How to complete this task: What you return should be the lines from the one with "Las mejores imágenes" through the one with "VIDEO: Un bărbat" in the data below, reproduced exactly with both ends, and no pictures at all.

Data listing:
--- START ---
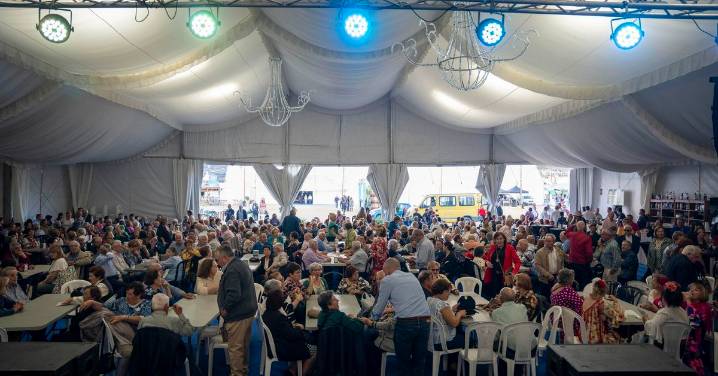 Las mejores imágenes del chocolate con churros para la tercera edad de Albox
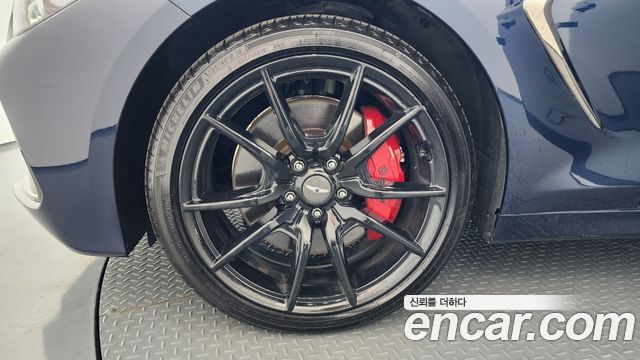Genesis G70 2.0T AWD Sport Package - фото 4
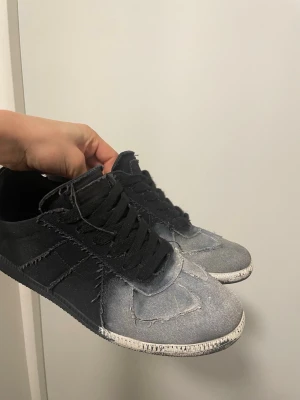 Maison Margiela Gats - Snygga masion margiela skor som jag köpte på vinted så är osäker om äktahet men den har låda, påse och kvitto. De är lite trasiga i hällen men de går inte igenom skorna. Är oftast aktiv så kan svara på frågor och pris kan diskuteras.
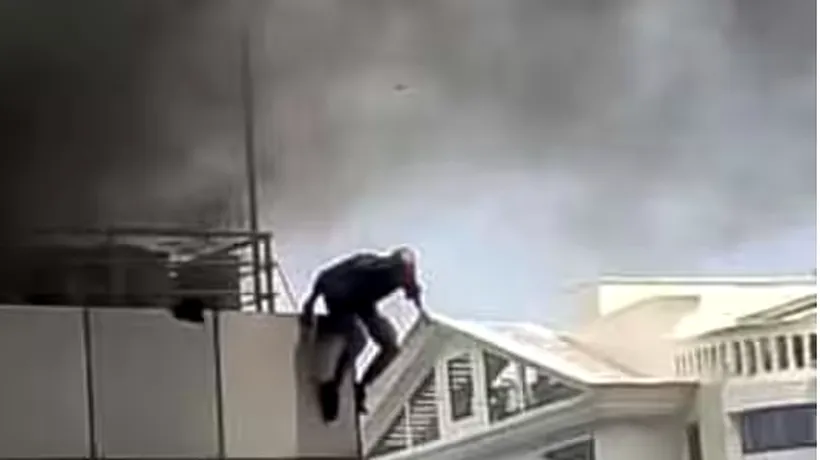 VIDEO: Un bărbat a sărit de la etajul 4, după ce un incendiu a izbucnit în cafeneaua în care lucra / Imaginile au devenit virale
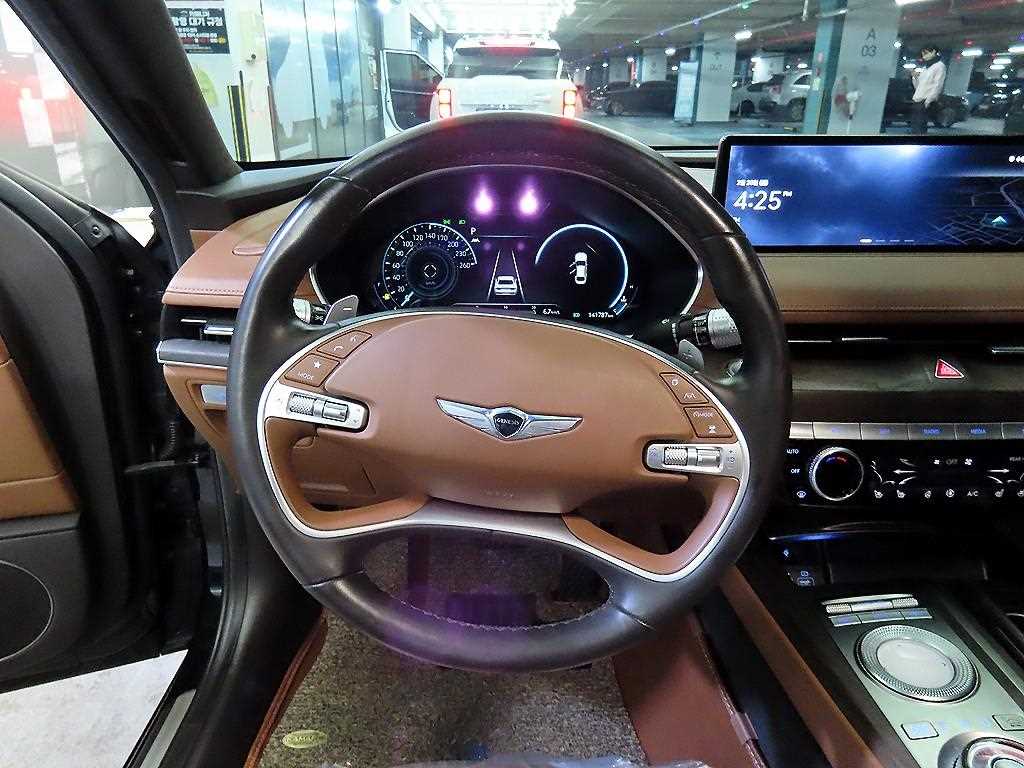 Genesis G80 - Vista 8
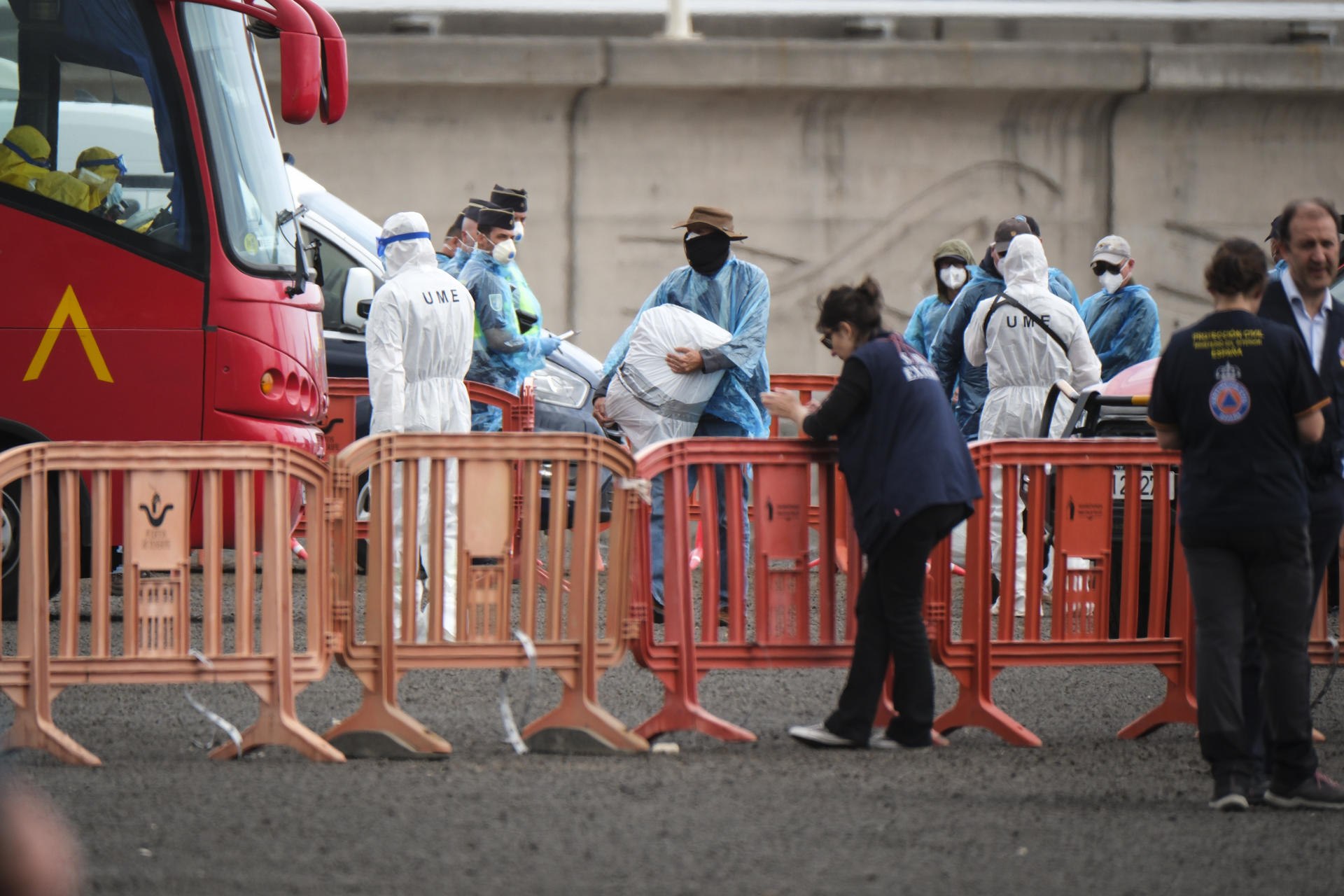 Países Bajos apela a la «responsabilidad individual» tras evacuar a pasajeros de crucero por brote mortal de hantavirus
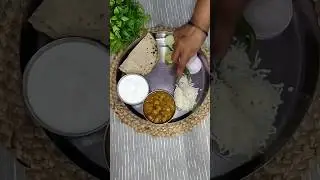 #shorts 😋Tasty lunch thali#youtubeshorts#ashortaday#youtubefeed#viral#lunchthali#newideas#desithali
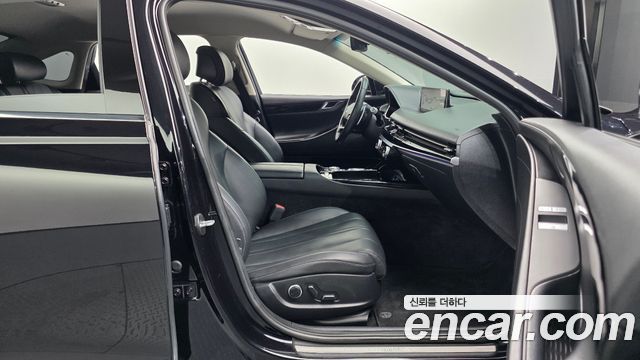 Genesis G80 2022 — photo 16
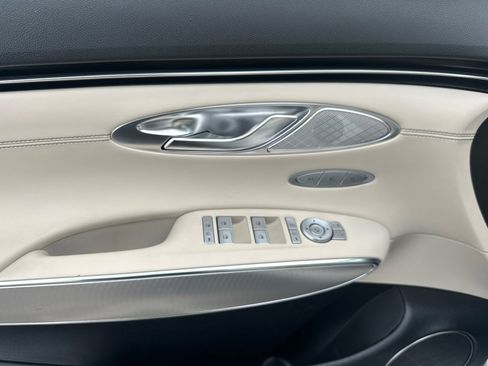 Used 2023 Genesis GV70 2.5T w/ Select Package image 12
--- END ---
--- START ---
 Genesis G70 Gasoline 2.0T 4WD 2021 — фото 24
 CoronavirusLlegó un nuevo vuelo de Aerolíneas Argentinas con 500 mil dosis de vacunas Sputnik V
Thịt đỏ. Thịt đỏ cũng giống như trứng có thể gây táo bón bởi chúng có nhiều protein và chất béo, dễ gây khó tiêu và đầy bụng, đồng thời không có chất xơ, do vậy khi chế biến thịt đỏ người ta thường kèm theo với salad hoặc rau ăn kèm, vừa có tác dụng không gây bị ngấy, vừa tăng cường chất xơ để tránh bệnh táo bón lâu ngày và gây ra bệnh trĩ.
--- END ---
Response below:
 Las mejores imágenes del chocolate con churros para la tercera edad de Albox
Genesis G70 2.0T AWD Sport Package - фото 4
 Maison Margiela Gats - Snygga masion margiela skor som jag köpte på vinted så är osäker om äktahet men den har låda, påse och kvitto. De är lite trasiga i hällen men de går inte igenom skorna. Är oftast aktiv så kan svara på frågor och pris kan diskuteras.
 VIDEO: Un bărbat a sărit de la etajul 4, după ce un incendiu a izbucnit în cafeneaua în care lucra / Imaginile au devenit virale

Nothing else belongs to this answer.